- **PROBLEM TO WORK ON**:
Write every line below out again exactly, images omitted.

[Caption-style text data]
---+---
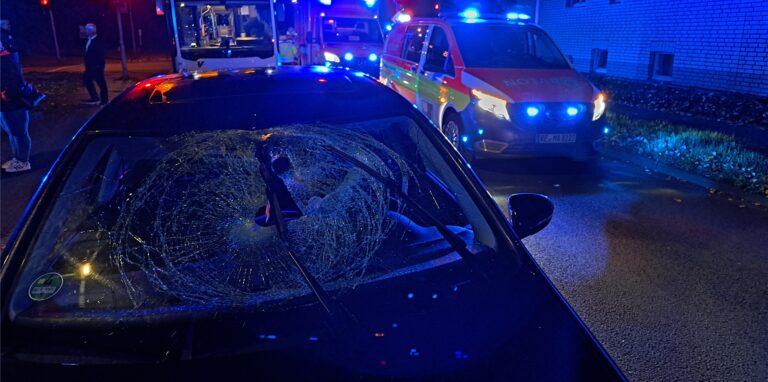 Ein E-Scooter-Fahrer stieß mit diesem Auto aus Oberhausen zusammen. Dabei zersplitterte die Frontscheibe.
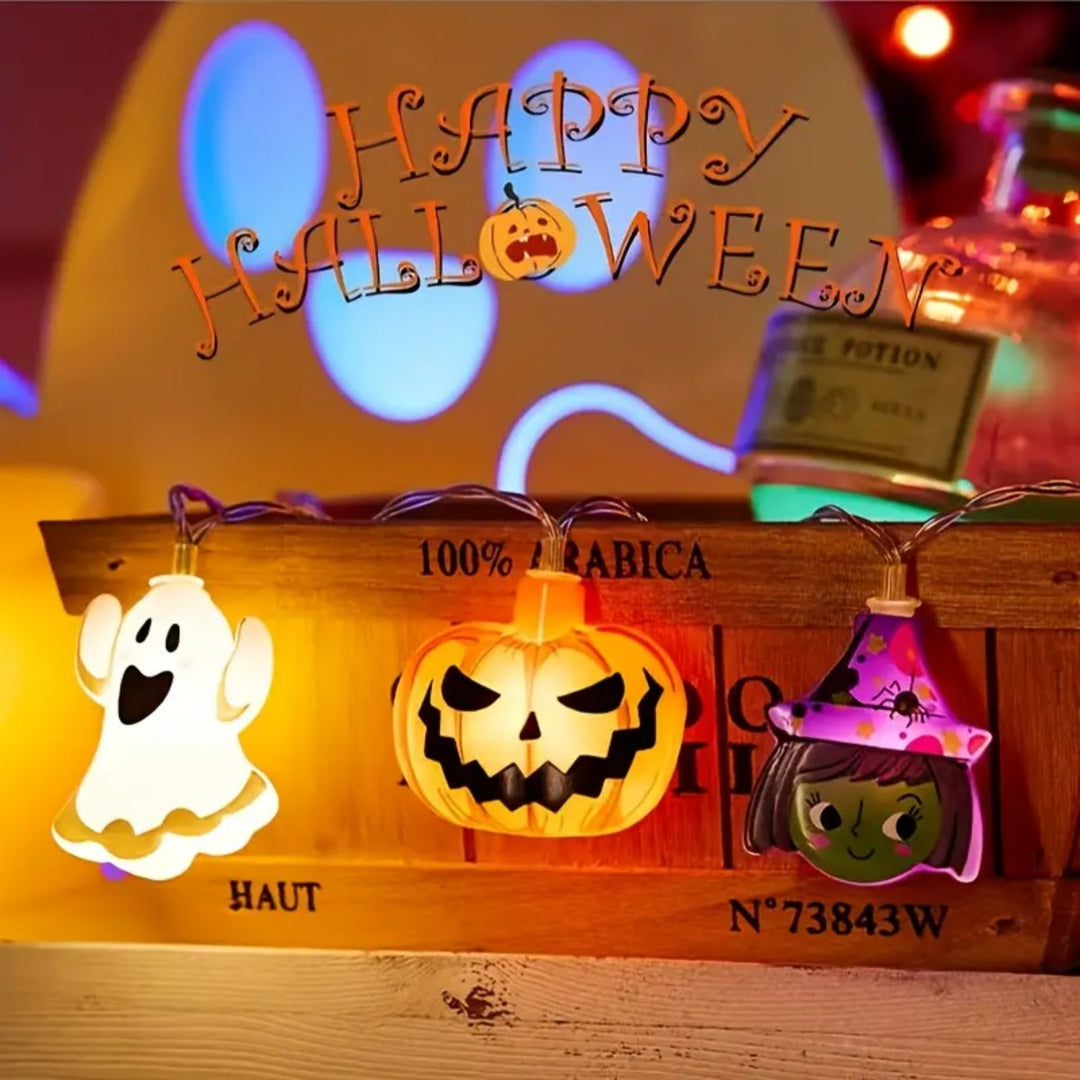 Halloween LED String Lights | Ghost Witch Cat Pumpkin Spider Web Skeleton Designs | Battery Powered Party Decor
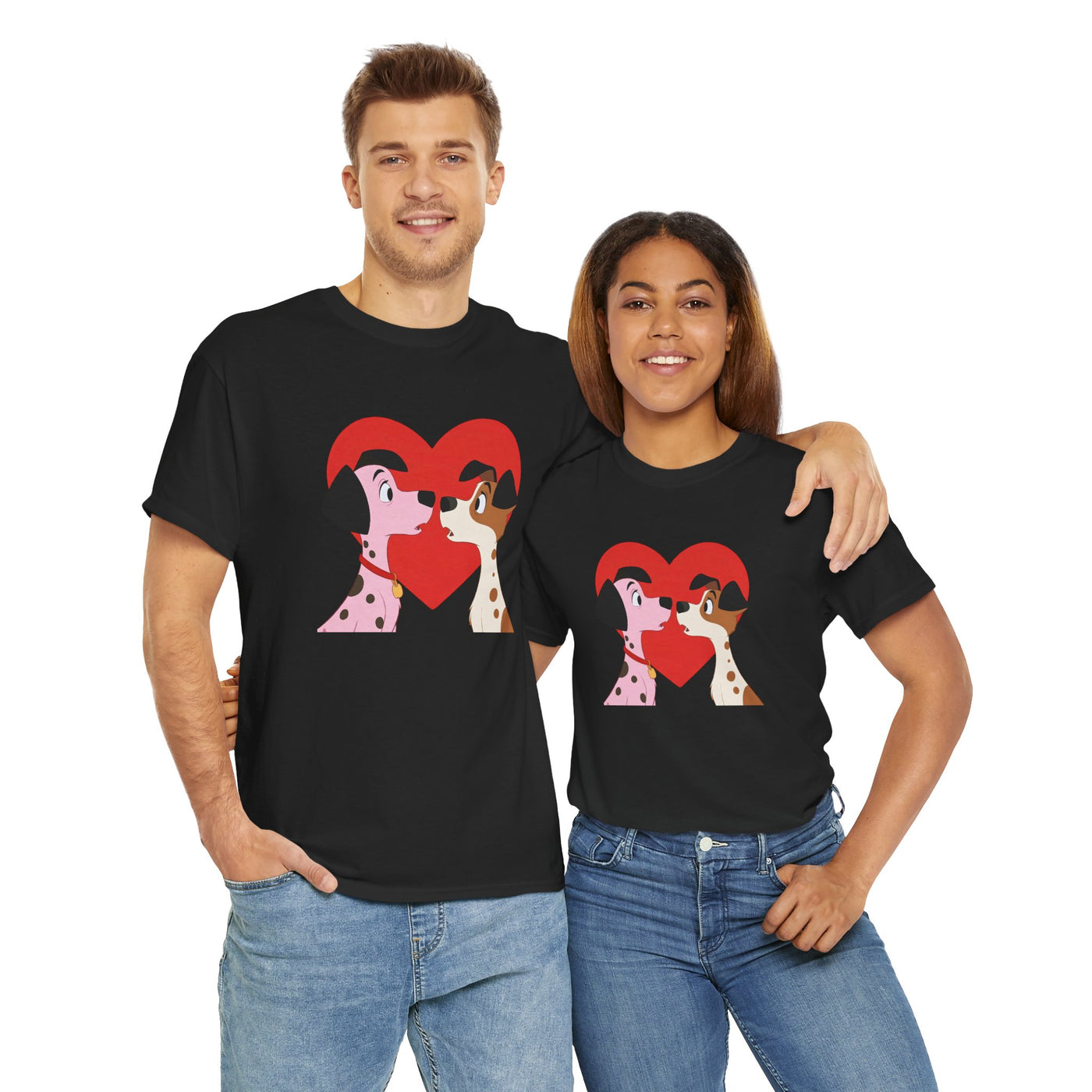Dogs in Love Unisex Tee - Cute Dog T-Shirt for Pet Lovers, Dog Owners, Sports Enthusiasts, Gifts for Animal Lovers, Casual Everyday Wear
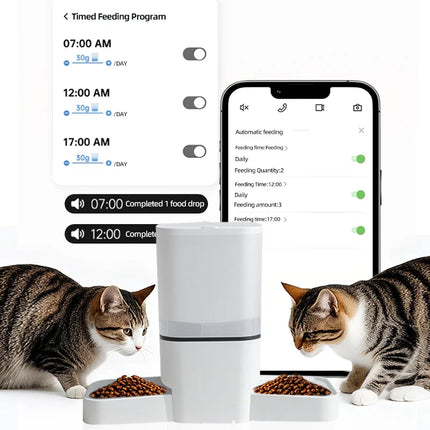6L Smart Automatic Pet Feeder - Tuya App Timer Control, Stainless Steel Double Bowl for Dogs & Cats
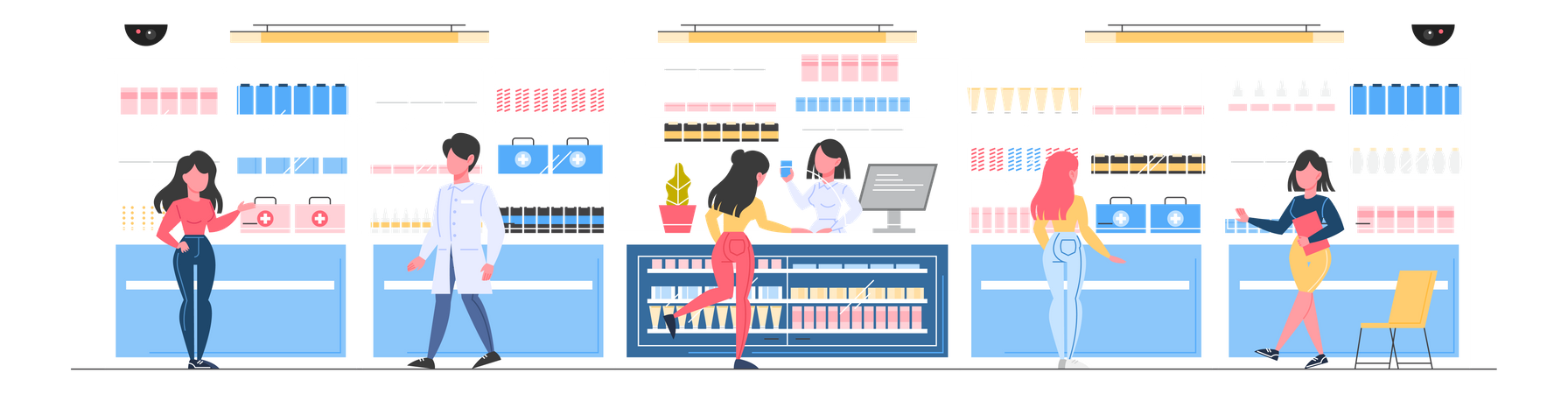 People buying medicine from drugstore Illustration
---+---
- **FINISHED EXERCISE**:
 Ein E-Scooter-Fahrer stieß mit diesem Auto aus Oberhausen zusammen. Dabei zersplitterte die Frontscheibe.
 Halloween LED String Lights | Ghost Witch Cat Pumpkin Spider Web Skeleton Designs | Battery Powered Party Decor
Dogs in Love Unisex Tee - Cute Dog T-Shirt for Pet Lovers, Dog Owners, Sports Enthusiasts, Gifts for Animal Lovers, Casual Everyday Wear
6L Smart Automatic Pet Feeder - Tuya App Timer Control, Stainless Steel Double Bowl for Dogs & Cats
 People buying medicine from drugstore Illustration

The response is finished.